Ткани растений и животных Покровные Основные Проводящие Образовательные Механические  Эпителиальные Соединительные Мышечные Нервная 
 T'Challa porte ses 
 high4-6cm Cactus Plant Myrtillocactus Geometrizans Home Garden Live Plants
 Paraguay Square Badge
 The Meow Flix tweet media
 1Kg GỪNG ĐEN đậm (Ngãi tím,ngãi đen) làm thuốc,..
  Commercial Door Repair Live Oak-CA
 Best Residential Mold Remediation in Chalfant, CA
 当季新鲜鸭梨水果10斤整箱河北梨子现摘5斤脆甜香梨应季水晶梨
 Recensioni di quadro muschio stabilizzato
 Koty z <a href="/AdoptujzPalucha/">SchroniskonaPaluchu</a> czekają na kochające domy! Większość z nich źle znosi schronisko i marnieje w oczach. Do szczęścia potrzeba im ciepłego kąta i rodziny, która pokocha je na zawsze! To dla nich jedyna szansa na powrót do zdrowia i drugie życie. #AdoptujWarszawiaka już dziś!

— Your objective —
All entries above must be reproduced without a single change.

— Written solution —
Ткани растений и животных Покровные Основные Проводящие Образовательные Механические  Эпителиальные Соединительные Мышечные Нервная 
 T'Challa porte ses 
 high4-6cm Cactus Plant Myrtillocactus Geometrizans Home Garden Live Plants
 Paraguay Square Badge
 The Meow Flix tweet media
 1Kg GỪNG ĐEN đậm (Ngãi tím,ngãi đen) làm thuốc,..
  Commercial Door Repair Live Oak-CA
 Best Residential Mold Remediation in Chalfant, CA
 当季新鲜鸭梨水果10斤整箱河北梨子现摘5斤脆甜香梨应季水晶梨
 Recensioni di quadro muschio stabilizzato
 Koty z <a href="/AdoptujzPalucha/">SchroniskonaPaluchu</a> czekają na kochające domy! Większość z nich źle znosi schronisko i marnieje w oczach. Do szczęścia potrzeba im ciepłego kąta i rodziny, która pokocha je na zawsze! To dla nich jedyna szansa na powrót do zdrowia i drugie życie. #AdoptujWarszawiaka już dziś!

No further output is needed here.